What’s the most important thing to you when you’re in your early grade school years and you don’t quite fit in? The friend you find whose misfit level matches yours. Captain Underpants: The First Epic Movie is a raucous and gleeful celebration of such friendships, no matter how dressed up in puerile juvenility this film may be.
Since its initial release, “The Adventures of Captain Underpants” – and the series of sequels it spawned – has been repeatedly attacked for being anti-authoritarian and full of potty humor. To appreciate how truly touching this film is, you have to remember your own childhood and how much you didn’t want to do what your parents or teachers kept telling you to do, especially when it came to having fun. But… what if you could make the author of your pain fight for your side?

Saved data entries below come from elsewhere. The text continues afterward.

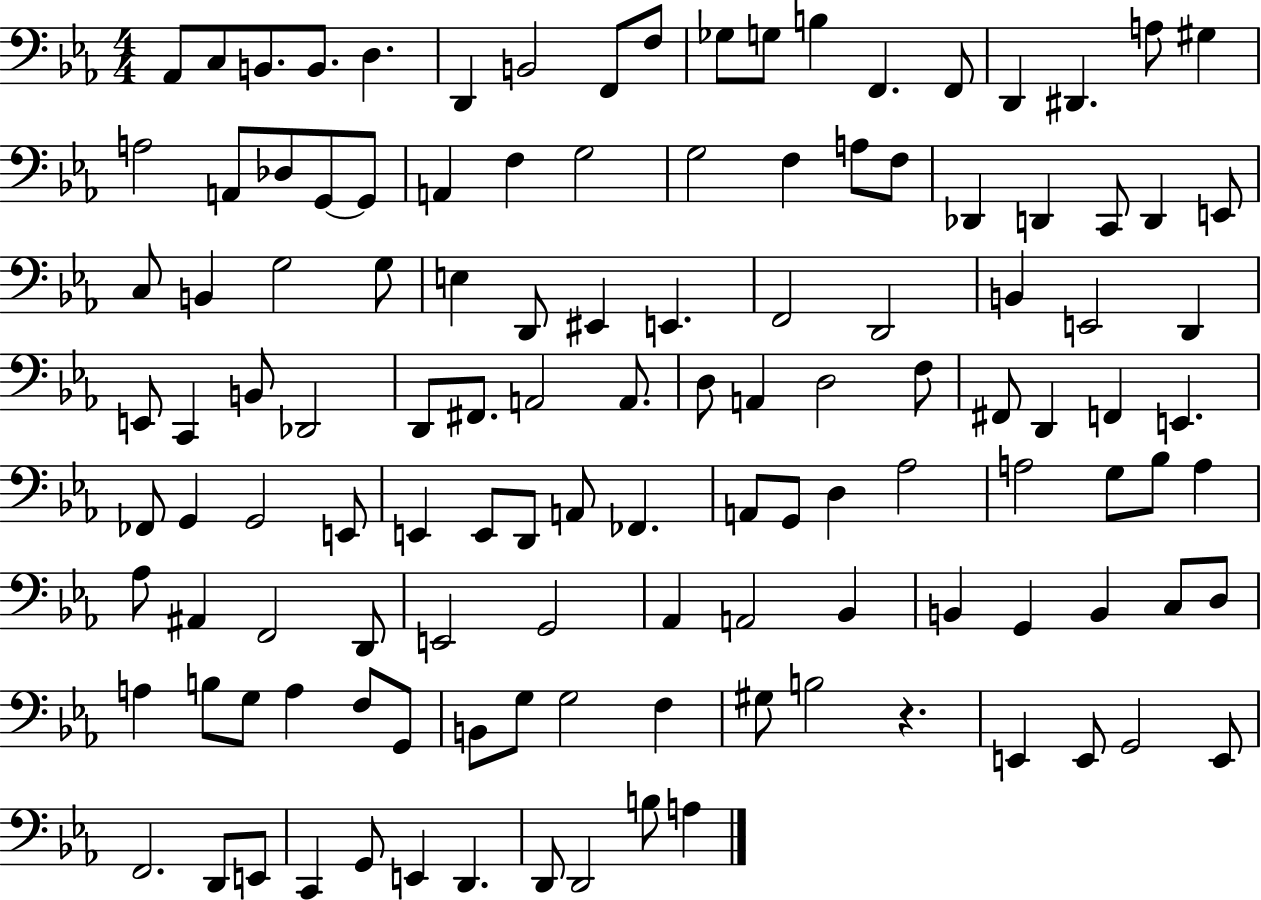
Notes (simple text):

Ab2/e C3/e B2/e. B2/e. D3/q. D2/q B2/h F2/e F3/e Gb3/e G3/e B3/q F2/q. F2/e D2/q D#2/q. A3/e G#3/q A3/h A2/e Db3/e G2/e G2/e A2/q F3/q G3/h G3/h F3/q A3/e F3/e Db2/q D2/q C2/e D2/q E2/e C3/e B2/q G3/h G3/e E3/q D2/e EIS2/q E2/q. F2/h D2/h B2/q E2/h D2/q E2/e C2/q B2/e Db2/h D2/e F#2/e. A2/h A2/e. D3/e A2/q D3/h F3/e F#2/e D2/q F2/q E2/q. FES2/e G2/q G2/h E2/e E2/q E2/e D2/e A2/e FES2/q. A2/e G2/e D3/q Ab3/h A3/h G3/e Bb3/e A3/q Ab3/e A#2/q F2/h D2/e E2/h G2/h Ab2/q A2/h Bb2/q B2/q G2/q B2/q C3/e D3/e A3/q B3/e G3/e A3/q F3/e G2/e B2/e G3/e G3/h F3/q G#3/e B3/h R/q. E2/q E2/e G2/h E2/e F2/h. D2/e E2/e C2/q G2/e E2/q D2/q. D2/e D2/h B3/e A3/q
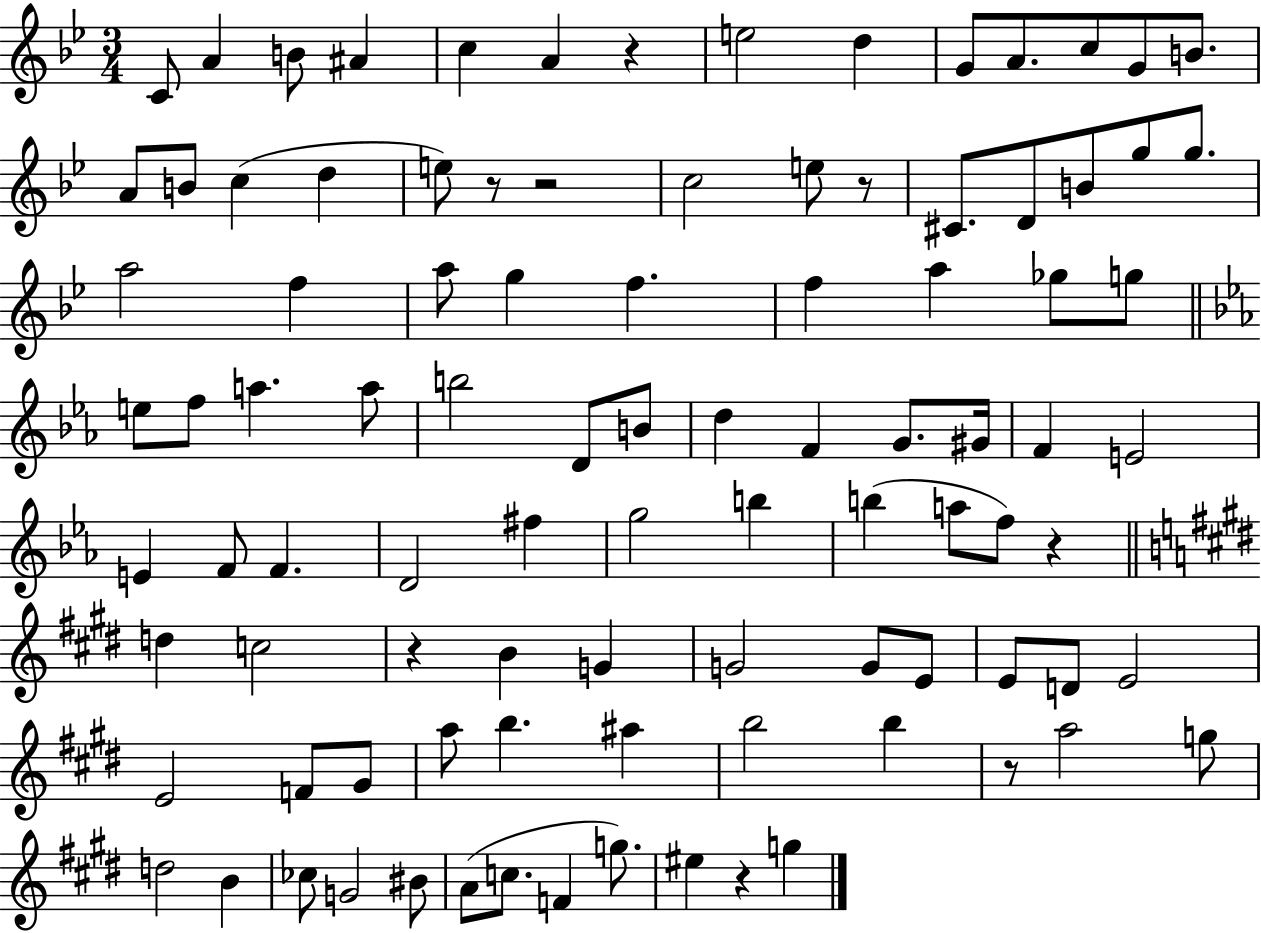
X:1
T:Untitled
M:3/4
L:1/4
K:Bb
C/2 A B/2 ^A c A z e2 d G/2 A/2 c/2 G/2 B/2 A/2 B/2 c d e/2 z/2 z2 c2 e/2 z/2 ^C/2 D/2 B/2 g/2 g/2 a2 f a/2 g f f a _g/2 g/2 e/2 f/2 a a/2 b2 D/2 B/2 d F G/2 ^G/4 F E2 E F/2 F D2 ^f g2 b b a/2 f/2 z d c2 z B G G2 G/2 E/2 E/2 D/2 E2 E2 F/2 ^G/2 a/2 b ^a b2 b z/2 a2 g/2 d2 B _c/2 G2 ^B/2 A/2 c/2 F g/2 ^e z g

Captain Underpants: The First Epic Movie is what I call a “train of thought” film, very similar to the manner in which Bryan Lee O’Malley’s “Scott Pilgrim” comic series and its brilliant filmed adaptation by Edgar Wright operate. Both of these properties feature relatively simple stories made randomly extravagant and frenetic by the unbound mind unwilling to bend to structure, form, or rules. They run on a very basic level, featuring a charming type of childhood/preteen writing where “wouldn’t it be cool if” leads to “and THEN…”, leading to even bigger and better ideas and, potentially, more chances to make the writers and their friends laugh.
The mind of “Captain Underpants” author Dav Pilkey is shared immaculately between our two main characters, George Beard (Kevin Hart) and Harold Hutchins (Thomas Middleditch), lifelong friends, next-door neighbors, and notorious school pranksters. When they’re not creating mayhem, they’re creating more adventures in their comic book series “Captain Underpants,” the hero of which is a red-caped, briefs-wearing crimefighter who saves the world from human and alien villains alike.
However, as most heroes must, George and Harold have a nemesis: their school principal, Mr. Krupp (Ed Helms), who embodies the very definition of what South Park‘s Eric Cartman calls “AUTHORI-TAH!”, squashing fun and any notion his students might have of being happy. Their school is portrayed as a place where souls go to die. Students walk hunched over in lockstep in the rain; classes are taught by droning teachers who have less interest in the subject than the kids; a student is seen stuffing himself in a locker out of despair.
Other parallels between the drudgery of adulthood and the suffocating atmosphere of attending school – a place where people talk at you for hours on end – are drawn and satirized. Of course, something’s gotta be done about that, leading George and Harold to pull their biggest prank yet – turning the nerdy snitch Melvin’s (Jordan Peele) science project into a toilet paper-throwing party machine.
Well, wouldn’t you know it – there’s a camera in Melvin’s science project which catches George and Harold in the act, giving Mr. Krupp the opportunity to do the unthinkable: a forced separation of the terrible twosome, which he hopes will end their friendship. Hoping against hope that a plastic hypnosis ring will have any effect on Mr. Krupp, George wields it… with the surprising result of turning Mr. Krupp into Captain Underpants, which gives rise to the majority of this film’s misadventures and laughs.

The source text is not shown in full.